MrMind comments on Understanding and justifying Solomonoff induction - Less Wrong

1 Post author: gedymin 15 January 2014 01:16AM

You are viewing a comment permalink. View the original post to see all comments and the full post content.

Comments (75)

You are viewing a single comment's thread. Show more comments above.

Comment author: MrMind 15 January 2014 10:10:11AM 0 points [-]

Some random thoughts:

A. But when we're calculating the complexity of hypotheses, we're doing it in respect to a particular model of computing!

Yes, but every other model of universal computation gives the same results, besides for a single constant (the cost of intercomputation between the universal models).

But who says it's a universal machine! It may be anything, really! For example, who says that the universe doesn't work as a quasi-Turing machine that outputs a huge number of "1" with 99% probability every time after it outputs a single "0"? The Universal Prior relies on the relation between inputs and outputs of the machine; if this relation is changed, the probabilities are going to be wrong.

What you're describing here is a non-deterministic Turing machine. They have been proven equivalent to deterministic ones.

On the other hand, the physical model may be strictly more powerful than a Universal Turing machine - it may be a hypercomputer! If it is, the universe is uncomputable.

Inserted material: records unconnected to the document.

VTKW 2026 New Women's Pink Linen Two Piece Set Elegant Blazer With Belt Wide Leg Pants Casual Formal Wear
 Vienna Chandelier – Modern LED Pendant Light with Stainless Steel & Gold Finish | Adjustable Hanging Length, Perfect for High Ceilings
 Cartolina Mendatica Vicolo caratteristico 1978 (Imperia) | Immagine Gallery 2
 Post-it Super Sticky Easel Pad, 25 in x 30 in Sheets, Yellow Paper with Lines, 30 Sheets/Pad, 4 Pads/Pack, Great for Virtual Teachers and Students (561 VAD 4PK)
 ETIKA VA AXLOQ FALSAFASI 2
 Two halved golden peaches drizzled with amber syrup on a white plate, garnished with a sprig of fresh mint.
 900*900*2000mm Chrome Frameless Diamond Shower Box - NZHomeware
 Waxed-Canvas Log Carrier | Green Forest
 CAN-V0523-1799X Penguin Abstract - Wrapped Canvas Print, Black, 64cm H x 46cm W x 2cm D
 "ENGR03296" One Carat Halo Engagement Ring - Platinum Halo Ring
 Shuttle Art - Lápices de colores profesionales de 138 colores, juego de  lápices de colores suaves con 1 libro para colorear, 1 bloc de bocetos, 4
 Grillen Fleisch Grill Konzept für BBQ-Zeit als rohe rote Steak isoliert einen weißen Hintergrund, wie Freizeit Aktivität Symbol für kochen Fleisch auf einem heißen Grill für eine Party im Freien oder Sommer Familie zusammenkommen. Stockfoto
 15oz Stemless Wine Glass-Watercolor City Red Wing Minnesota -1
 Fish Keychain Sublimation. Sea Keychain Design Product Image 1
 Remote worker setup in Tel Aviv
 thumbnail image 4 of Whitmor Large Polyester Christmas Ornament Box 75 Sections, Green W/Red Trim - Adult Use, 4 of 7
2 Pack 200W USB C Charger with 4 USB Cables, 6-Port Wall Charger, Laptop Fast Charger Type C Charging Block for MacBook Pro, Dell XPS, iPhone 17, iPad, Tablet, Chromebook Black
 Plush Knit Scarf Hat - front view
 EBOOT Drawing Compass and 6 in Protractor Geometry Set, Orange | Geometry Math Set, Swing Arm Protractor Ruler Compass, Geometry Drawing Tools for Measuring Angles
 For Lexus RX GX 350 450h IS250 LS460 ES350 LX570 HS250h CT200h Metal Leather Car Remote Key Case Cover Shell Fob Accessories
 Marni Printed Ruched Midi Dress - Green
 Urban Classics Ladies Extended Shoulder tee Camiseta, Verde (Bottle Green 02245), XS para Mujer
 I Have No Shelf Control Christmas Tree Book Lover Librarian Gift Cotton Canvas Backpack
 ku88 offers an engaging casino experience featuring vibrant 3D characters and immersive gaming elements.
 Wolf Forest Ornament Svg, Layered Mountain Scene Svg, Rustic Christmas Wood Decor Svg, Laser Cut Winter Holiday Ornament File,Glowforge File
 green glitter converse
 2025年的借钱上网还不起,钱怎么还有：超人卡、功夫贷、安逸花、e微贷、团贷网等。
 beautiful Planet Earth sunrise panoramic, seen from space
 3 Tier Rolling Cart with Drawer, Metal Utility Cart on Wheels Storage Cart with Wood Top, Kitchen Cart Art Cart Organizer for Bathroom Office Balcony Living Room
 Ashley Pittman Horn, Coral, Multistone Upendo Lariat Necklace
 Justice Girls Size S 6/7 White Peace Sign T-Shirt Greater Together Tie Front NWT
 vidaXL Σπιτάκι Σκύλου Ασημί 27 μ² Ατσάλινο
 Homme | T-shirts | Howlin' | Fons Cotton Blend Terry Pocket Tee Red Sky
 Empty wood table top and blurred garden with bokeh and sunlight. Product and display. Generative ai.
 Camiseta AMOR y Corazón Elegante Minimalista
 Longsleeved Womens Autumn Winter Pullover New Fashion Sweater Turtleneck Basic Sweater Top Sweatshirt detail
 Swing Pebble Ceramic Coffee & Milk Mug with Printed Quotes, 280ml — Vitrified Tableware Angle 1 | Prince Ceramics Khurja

Yes! But if it is, either we grab ahold of a source of hypercomputation a proceed from there (although '"solomonoff induction" & hypercomputation' gives very few relevant results from Google), or we are never going to know that it is: we might just suspect from our models becoming longer and longer, but we will never be able to prove that.

Also, as B said correctly, justification for Solomonoff Induction is epistemic: we are doing the best we can (i.e. using a universal finite computational model), eliminating all that we know is factually incorrect without throwing away nothing that is not explicitly forbidden by data.

Comment author: kokotajlod 15 January 2014 09:23:51PM *  2 points [-]

Yes, but every other model of universal computation gives the same results, besides for a single constant (the cost of intercomputation between the universal models)

I don't see how this solves the problem. The other models of universal computation give different results, though they are similar in certain respects. For particular problems, like "Will the gravitational constant change tomorrow?" it doesn't seem to help.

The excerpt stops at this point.